OBJECTIVE: The primary objective of this study was to evaluate the safety of niraparib 300 mg/day in Japanese patients with platinum-sensitive, relapsed ovarian cancer in a maintenance setting. METHODS: Phase 2, multicenter, open-label, single-arm study enrolled Japanese patients with platinum-sensitive, relapsed ovarian cancer who had received ≥2 platinum-based regimens. The primary endpoint (incidence of grade 3 or 4 thrombocytopenia-related events within 30 days after initial niraparib administration) was justified by the incidences of a global pivotal phase 3 study and its post-hoc safety analysis on thrombocytopenia, the major hematological adverse event of niraparib. The overall safety analysis examined other treatment-emergent adverse events (TEAEs). RESULTS: Enrolled patients (n=19) had a median (min, max) body weight of 53.9 (40.8-79.1) kg; all but one patient weighed <77 kg. Most (94.7%) patients initially received niraparib 300 mg/day but this decreased in subsequent cycles (mean±standard deviation dose intensity, 191.6±65.7 mg/day). In total, 6/19 (31.6%) patients experienced grade 3 or 4 thrombocytopenia-related events within 30 days of initial niraparib administration.
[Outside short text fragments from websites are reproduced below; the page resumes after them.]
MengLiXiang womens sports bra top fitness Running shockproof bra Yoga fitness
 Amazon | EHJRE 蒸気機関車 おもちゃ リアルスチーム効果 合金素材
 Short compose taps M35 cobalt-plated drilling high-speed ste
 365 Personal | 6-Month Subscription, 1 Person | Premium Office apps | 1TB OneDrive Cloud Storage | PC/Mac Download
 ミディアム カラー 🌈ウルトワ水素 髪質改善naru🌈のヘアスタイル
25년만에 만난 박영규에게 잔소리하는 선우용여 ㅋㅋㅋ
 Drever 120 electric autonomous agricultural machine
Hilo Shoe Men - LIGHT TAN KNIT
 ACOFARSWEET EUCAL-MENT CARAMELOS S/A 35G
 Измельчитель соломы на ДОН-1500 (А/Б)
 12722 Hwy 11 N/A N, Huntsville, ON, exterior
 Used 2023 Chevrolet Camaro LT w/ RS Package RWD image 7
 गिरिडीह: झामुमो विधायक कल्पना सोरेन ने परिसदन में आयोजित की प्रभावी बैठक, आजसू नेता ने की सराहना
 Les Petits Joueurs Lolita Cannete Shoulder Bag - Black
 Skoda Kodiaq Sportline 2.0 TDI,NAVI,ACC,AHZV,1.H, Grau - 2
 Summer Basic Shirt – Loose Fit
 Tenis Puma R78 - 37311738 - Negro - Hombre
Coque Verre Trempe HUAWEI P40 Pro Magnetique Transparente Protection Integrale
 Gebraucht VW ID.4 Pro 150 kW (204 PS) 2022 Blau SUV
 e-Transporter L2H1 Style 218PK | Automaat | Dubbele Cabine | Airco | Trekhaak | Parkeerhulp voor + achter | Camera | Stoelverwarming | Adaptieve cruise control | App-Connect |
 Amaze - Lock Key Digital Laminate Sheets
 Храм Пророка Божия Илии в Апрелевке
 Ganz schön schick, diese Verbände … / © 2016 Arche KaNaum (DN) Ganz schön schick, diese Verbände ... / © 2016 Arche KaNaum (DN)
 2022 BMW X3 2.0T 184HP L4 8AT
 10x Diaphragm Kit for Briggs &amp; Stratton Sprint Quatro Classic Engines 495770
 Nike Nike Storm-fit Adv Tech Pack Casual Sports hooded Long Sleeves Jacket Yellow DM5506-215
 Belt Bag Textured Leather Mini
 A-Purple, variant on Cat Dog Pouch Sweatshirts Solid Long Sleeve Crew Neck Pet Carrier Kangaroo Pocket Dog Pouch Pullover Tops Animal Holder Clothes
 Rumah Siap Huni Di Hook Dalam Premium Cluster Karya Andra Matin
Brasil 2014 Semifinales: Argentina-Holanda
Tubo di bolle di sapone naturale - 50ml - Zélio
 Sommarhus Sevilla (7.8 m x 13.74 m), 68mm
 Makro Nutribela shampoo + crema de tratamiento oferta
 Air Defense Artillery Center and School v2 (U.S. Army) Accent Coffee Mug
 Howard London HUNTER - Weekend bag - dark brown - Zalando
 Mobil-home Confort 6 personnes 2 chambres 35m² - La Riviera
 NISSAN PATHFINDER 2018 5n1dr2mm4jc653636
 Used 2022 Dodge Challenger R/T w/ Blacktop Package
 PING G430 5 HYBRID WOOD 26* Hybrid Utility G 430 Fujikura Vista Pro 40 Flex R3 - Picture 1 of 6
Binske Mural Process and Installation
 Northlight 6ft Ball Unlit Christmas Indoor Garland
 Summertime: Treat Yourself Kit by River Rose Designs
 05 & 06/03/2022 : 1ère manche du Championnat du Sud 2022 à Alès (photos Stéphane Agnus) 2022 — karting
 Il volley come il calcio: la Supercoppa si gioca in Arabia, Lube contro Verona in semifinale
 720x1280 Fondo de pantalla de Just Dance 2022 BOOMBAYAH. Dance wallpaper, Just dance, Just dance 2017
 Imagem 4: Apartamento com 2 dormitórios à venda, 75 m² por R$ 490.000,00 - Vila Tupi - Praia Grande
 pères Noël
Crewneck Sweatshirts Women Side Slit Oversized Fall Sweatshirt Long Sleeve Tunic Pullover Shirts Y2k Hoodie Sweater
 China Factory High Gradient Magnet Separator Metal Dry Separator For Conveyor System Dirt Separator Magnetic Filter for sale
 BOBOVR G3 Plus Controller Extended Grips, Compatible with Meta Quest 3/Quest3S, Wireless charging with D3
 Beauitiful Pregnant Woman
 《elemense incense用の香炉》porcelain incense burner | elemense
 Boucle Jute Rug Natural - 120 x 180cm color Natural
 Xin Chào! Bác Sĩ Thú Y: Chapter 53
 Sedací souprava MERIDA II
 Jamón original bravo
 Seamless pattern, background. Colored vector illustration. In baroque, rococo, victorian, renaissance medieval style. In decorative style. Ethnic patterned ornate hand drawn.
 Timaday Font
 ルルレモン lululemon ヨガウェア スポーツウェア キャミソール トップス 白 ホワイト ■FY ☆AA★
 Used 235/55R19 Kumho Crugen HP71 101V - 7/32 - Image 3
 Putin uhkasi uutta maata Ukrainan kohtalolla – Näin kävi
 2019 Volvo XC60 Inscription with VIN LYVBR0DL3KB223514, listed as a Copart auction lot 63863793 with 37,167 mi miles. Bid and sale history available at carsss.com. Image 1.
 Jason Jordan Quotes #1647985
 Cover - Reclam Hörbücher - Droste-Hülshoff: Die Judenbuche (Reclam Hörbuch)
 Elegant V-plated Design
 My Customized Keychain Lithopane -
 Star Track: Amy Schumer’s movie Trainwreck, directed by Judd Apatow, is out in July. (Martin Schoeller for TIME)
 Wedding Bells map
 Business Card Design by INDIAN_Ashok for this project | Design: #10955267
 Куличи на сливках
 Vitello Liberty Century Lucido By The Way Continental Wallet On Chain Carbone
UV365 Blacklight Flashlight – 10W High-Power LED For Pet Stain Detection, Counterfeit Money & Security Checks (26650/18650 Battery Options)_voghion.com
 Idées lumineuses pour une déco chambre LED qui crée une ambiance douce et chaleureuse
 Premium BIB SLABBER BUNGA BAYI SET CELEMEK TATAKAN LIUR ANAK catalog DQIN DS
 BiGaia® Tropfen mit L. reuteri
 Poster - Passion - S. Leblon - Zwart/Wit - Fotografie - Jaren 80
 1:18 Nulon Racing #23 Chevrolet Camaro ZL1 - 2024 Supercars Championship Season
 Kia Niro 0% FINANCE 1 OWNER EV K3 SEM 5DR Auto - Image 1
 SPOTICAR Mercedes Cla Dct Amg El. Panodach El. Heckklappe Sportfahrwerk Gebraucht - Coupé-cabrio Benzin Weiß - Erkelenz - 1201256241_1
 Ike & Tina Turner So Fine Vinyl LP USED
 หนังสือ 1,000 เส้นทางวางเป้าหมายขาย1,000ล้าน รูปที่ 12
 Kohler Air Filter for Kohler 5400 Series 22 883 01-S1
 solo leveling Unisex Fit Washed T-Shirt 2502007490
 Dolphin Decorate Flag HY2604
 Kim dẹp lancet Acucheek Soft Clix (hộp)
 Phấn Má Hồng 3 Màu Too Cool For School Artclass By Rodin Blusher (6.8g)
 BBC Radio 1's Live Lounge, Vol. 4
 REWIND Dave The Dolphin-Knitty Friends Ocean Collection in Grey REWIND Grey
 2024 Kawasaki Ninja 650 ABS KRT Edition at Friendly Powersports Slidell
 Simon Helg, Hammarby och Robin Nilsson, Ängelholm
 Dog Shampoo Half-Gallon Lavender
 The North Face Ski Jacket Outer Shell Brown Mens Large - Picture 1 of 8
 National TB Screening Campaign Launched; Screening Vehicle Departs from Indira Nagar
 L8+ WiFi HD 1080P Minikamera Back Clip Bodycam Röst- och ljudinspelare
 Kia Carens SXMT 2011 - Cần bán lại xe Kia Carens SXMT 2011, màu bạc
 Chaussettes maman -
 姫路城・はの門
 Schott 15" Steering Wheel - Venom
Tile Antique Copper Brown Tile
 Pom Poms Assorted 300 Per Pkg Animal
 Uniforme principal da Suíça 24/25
Other common TEAEs included nausea, and decreased platelet or neutrophil counts. No progression-free or overall survival events occurred; only 1 of 4 response-evaluable patients had a post-baseline tumor assessment (stable disease). CONCLUSION: The incidence of grade 3 or 4 thrombocytopenia-related events in Japanese ovarian cancerpatients was similar to that in the corresponding non-Japanese study. Overall, the safety profile was acceptable and consistent with the known safety profile and previous experience with niraparib. TRIAL REGISTRATION: ClinicalTrials.gov Identifier: NCT03759587.